The battalion in France was formed in Nazi-occupied Ukraine following Germany’s June 1941 surprise attack against the Soviet Union, even though the two countries had signed a joint security pact in 1939. Germans troops pushed deep into the Soviet Union, occupying land and drawing on Soviet citizens, including Ukrainian manpower, to strengthen their ranks. 

Many “liberated” Ukrainians welcomed the German occupation as a chance to rebel against Soviet communism. Having been subjected to purges, forced famine, and military conscription as part of the Soviet Union, many Ukrainians saw allyship with Germany as a chance to break from Moscow and create an independent Ukraine. 
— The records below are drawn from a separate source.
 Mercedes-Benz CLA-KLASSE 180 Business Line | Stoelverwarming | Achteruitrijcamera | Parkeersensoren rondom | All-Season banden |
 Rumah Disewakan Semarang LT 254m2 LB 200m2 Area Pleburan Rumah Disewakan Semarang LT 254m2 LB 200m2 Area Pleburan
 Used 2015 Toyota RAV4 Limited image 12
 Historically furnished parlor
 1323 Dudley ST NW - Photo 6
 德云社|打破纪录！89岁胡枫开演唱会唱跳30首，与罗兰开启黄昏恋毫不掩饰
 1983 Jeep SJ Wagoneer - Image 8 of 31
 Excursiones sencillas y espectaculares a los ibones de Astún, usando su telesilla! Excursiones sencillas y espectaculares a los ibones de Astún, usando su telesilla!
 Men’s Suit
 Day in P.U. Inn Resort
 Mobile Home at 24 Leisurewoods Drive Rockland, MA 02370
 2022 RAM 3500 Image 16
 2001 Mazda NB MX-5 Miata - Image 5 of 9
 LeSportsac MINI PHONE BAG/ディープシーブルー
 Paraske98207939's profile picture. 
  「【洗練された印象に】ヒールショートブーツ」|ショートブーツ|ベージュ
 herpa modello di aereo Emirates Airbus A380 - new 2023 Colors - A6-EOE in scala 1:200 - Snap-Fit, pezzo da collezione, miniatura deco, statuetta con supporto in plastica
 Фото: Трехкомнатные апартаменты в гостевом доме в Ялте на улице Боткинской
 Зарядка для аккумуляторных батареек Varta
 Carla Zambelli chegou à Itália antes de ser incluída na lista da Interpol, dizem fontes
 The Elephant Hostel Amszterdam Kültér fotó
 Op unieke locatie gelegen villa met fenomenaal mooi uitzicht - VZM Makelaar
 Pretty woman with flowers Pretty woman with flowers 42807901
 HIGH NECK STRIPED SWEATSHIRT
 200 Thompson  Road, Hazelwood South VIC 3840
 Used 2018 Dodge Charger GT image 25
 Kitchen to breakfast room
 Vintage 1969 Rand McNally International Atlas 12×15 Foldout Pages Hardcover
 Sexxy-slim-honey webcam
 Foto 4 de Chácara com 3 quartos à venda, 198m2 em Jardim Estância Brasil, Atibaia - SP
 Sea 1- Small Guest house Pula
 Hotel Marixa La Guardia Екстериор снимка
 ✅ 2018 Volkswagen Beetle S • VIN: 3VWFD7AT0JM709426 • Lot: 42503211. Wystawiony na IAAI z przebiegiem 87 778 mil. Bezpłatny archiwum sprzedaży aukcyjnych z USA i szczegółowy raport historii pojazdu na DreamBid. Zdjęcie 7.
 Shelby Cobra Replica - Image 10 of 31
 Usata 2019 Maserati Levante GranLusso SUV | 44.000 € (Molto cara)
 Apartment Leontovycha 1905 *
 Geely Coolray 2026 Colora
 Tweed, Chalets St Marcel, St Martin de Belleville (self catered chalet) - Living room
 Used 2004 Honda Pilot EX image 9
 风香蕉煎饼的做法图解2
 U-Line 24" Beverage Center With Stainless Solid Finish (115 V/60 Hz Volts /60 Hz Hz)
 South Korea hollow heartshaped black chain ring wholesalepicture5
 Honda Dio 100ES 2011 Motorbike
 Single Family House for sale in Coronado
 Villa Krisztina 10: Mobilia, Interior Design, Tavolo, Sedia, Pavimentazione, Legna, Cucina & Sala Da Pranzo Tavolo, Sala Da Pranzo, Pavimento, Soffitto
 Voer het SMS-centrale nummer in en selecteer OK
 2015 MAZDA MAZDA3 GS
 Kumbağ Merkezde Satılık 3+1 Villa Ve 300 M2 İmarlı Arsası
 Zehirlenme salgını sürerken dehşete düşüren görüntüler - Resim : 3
The battalion, I believe, was no different from the society it came from. Organized in July 1942 in Kremenets in German-occupied Ukraine, its mission was to protect German military and transports sites from attacks by Soviet partisans. Though I have little information on the background of soldiers, I surmise that the battalion was composed of a mix of Ukrainians who joined the German military for different reasons. Some, as mentioned above, likely signed up with the German Army to seek revenge on the Soviets for their people’s suffering. This group included Ukrainians who were escaping forced labor by the Soviets and who remembered the famine caused by Soviet agricultural policies in the 1930s that killed roughly one in four Ukrainian citizens. Others may well have joined the Germans willingly because they harbored antisemitic views and wanted to defeat what they saw as a Soviet Union founded and led by Jewish leadership. And there were those who joined under duress, such as Ukrainians serving in the Soviet Army who were captured by the Germans and then released from prison on the condition that they join the Nazis. 

Map of central Ukraine showing Kremenets under red arrow.

Among these groups were Ukrainian infiltrators who were seeded into the German Army with the dual purpose of strengthening resistance to the Soviets while opposing the Germans as best as they could. Their long-term goal was Ukrainian independence. Infiltrators may well have included men like the Ukrainian battalion’s first commander, a Major Rudnik. In 1943, while the battalion was protecting German trains and military installations in Belorussia (today’s Belarus), Rudnik connected with the Ukrainian Insurgent Army (known by its Ukrainian abbreviation UPA), which was liberating towns and small villages occupied by the Germans and sabotaging trains carrying workers to Germany. The plan was for Major Rudnik to bring the battalion to the UPA’s side, but it was scrapped when the commander was seriously wounded (or perhaps killed) in a fight with Soviet partisans. Rudnik’s successor, Major Lev Hloba, of whom we will hear about later, was infiltrated in 1942 into the German military by the UPA, according to one source.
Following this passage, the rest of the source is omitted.